Rudy Dave niejednokrotnie zapowiadał koniec działalności Megadeth, ale na dobrą sprawę ciężko jest zrezygnować z czegoś co się przez pół życia robi najlepiej. Z drugiej jednak strony, pomimo, że to Mustaine jest liderem formacji, to styl jaki wykreował kwartet Mustaine/Friedman/Ellefson/Menza w zasadzie był niepodrabialny i był w pewnym sensie uosobieniem i kwintesencją Megadeth. Już w gruncie rzeczy "World Needs A Hero" było jedynie rzemieślnictwem i marną próba nawiązania do najlepszych czasów.
O "The System Has Failed" było głośno z tego względu, że na gitarze
solowej po raz kolejny pojawił się Chris Poland, który z Megadeth
nagrał dwie pierwsze płyty.
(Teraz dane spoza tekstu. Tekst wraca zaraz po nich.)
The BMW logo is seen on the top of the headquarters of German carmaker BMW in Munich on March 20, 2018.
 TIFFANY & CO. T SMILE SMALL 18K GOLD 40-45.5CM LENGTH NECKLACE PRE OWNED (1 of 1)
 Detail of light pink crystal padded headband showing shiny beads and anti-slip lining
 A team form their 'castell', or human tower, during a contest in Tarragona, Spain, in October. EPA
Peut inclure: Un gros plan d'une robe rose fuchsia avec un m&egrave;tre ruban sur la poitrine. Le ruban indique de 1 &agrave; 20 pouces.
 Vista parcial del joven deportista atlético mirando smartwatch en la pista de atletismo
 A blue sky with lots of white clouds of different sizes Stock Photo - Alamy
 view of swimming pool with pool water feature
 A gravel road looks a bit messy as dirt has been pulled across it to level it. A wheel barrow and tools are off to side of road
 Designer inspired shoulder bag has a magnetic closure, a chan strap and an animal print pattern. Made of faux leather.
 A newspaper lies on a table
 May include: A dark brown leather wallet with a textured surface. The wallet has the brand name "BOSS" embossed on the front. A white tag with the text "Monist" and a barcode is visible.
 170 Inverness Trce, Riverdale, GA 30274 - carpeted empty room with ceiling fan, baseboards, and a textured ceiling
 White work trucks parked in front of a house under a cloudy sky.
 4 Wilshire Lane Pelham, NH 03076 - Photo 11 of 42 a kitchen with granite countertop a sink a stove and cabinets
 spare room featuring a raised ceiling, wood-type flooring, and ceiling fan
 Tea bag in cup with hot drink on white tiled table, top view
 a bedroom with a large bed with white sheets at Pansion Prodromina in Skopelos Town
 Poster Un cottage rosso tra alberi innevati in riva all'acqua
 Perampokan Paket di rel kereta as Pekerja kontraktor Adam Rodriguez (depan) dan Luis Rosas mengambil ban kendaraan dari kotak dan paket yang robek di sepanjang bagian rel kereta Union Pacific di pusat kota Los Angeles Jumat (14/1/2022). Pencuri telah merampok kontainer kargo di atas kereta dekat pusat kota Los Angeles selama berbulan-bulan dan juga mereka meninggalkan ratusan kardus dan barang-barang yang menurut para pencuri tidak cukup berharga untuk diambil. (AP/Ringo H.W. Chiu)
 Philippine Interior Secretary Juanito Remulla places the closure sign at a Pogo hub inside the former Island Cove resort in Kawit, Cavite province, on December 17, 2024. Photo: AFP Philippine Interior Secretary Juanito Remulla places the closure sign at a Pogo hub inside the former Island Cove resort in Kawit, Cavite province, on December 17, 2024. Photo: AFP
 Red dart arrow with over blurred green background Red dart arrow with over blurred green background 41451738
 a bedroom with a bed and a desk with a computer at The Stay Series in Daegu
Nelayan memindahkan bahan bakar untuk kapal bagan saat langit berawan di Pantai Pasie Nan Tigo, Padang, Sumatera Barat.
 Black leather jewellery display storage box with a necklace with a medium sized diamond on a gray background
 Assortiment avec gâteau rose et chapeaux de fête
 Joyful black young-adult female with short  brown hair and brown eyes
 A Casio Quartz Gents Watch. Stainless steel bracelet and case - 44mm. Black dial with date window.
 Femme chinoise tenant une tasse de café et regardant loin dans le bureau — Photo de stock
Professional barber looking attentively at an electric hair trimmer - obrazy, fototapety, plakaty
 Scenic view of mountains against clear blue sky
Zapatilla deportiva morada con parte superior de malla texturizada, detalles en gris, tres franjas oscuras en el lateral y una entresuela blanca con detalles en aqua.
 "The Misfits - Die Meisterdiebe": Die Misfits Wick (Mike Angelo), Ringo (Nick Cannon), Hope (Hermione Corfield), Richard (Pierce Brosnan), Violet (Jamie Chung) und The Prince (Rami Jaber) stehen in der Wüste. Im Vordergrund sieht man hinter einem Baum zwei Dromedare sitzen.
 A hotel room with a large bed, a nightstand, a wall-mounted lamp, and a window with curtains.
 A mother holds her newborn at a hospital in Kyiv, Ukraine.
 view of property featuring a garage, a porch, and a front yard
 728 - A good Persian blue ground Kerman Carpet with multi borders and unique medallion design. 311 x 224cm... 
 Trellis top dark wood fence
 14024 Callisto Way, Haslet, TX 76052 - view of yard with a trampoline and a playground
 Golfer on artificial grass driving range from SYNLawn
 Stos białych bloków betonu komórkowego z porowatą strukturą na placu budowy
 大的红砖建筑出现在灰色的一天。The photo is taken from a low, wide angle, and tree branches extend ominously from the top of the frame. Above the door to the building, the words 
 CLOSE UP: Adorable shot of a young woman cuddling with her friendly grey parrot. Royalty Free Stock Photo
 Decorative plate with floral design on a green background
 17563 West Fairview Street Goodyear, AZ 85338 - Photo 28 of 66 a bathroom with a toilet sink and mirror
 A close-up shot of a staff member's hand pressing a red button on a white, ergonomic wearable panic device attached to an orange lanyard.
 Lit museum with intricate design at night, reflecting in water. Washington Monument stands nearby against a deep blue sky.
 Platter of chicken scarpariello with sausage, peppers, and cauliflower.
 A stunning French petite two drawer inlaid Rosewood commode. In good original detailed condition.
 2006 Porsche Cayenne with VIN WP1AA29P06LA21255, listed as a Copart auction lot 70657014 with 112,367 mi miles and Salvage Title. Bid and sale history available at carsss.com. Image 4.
Po zaznajomieniu się z zawartością, trzeba
przyznać, że to nie jest już ten sam zespół co kiedyś. Mustaine
powrócił do grania heavy metalu, takiego z okresu "Youthanasia", ale z
przykrością trzeba przyznać, że nie jest to dzieło zachwycające.
Owszem, wszysko jest tutaj poprawnie zagrane, jest dosyć melodyjnie,
ale pomysły nie są już tej jakości, co w latach świetności zespołu.
Pierwsze trzy utwory są naprawdę obiecujące, mają pazura, ale niestety
potem robi się bardzo przeciętnie. Poland jest niezłym gitarzystą, ale
niczym specjalnym nie zachwyca. Również Mustaine nie sypie riffami z
rękawa, co jest niemiłym zaskoczeniem. Generalnie wydaje mi się, że od
strony instrumentalnej można było spodziewac się trochę więcej.Kolejna płyta Megadeth, a w zasadzie już solowego projektu Mustaine'a jest na pewno o wiele lepsza od niemrawej "World Needs A Hero", ale nie jest to płyt, która wprawi w zachwyt. Trzeba się chyba pogodzić z faktem, że najlepsze czasy dla zespołu minęły, a sam Mustaine nie uratuje całości, nawet jeśli jest głównym kompozytorem. Nieiwele jest tu rzeczy, do któych bym się przyczepił, poza tym, że jako całość jest to materiał przeciętny.